Step 1: Trade-in Evaluation Process:

This process begins with reviewing pictures of the unit & the inspection, which covers specific details, ex, the model type, model year, amount of hours, what the unit is equipped with & the location of the unit. After this, MCM reviews the average auction value.

Step 2: Trade-in Comparison:

Here we look at the average auction value against average advertised value for similar units to get an indication of the current price market. In the past, the average auction value was seen more as a wholesale value of the equipment but now due to the Internet & the ease of communication between customers & auction companies, the average auction value can end up as the customer’s expected value of the machine. 

Average advertised values are just what they represent; numbers.

It is rare to see any advertised value less than the average auction value. Buyers expect to negotiate and therefore dealers allow for this process when listing their pricing. A dealer needs to take into consideration the leverage a buyer might use such as additional repairs expected, bundling another trade, freight cost, etc.

Step 3: Assignment of the Trade-in Value:

The last step is the trade-in worksheet. We first insert the average auction value for a unit with similar hours, equipment and year model. Next we deduct repair costs, transportation & any profit margins to cover commissions & possible incidentals.

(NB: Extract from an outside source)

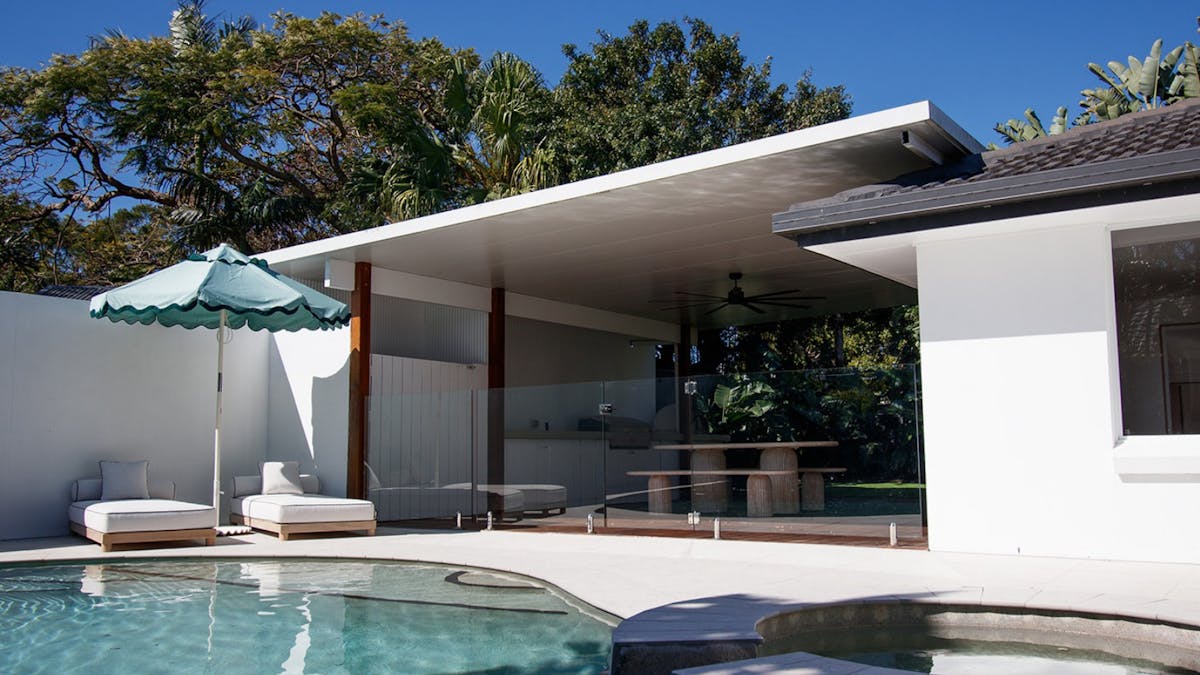 3 Bedroom home in Burleigh - Exterior/Pool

After final review of the worksheet as well as the information we have gathered in the comparison process, the trade-in value of your unit is assigned.

50G Model FEL Wheel Loader MCM South Africa

Trade-in Checklist For Used Equipment:

Thinking of trading in one of your units?

We’ve included a brief overview of the areas frequently evaluated below. If you are looking to purchase a used unit, contact us using the details on our website.

  1. Appearance: Paint, cosmetics, alterations, etc, can either enhance or greatly depreciate the value.
  2. Engine Hours: Helps determines usage, component life, frame life, etc.
  3. How is the unit equipped?: Regardless of the machine or application, how the unit is equipped can significantly affect value.  Does the machine have a cab or canopy? Does it have air conditioning? What type of transmission?  Or if it’s a wheel loader, what type of attachments does it use? Conditions of attachments? These are considered when determining resale value.
  4. Age: The year model (newer or updated models vs. the past year model) plays an important role.
  5. Operational condition: The machine needs to be in work ready condition with all functions in order to assign a value.
  6. Tires/Undercarriage condition: Both Tires and undercarriage are wear items.  For instance 50% of the repair costs over the life of a track type tractor is spent on undercarriage repairs.  Tire replacement costs are expensive as well.  Due to these expense considerations, the remaining life of both tires and undercarriage will alter the overall machine value.
  7. Attachment/s condition: The attachment condition can enhance or adversely affect the trade value.
  8. Maintenance practice: Proof of maintenance enhance value regardless of age or hours.  Maintenance records are important.
  9. Geographical location: Certain types and models of equipment have a higher resale value due to demand or the availability in the area of the country/state/province you may be located in. Transport and other costs are also taken into account.
  10. Job application: What did the machine do? Rough applications such as the waste industry and mining applications will reduce value vs. easier applications such as agricultural use or light construction.
  11. Refurbishment costs:  We look at what repair costs are needed to make the machine sale-ready. This ranges from the overall appearance and cosmetics of the unit, glass, paint, decals to tire replacements, fenders, operational components and the condition of the cab and control (i.e. sloppy steering linkage, missing control knobs, AC/Heat operation), etc.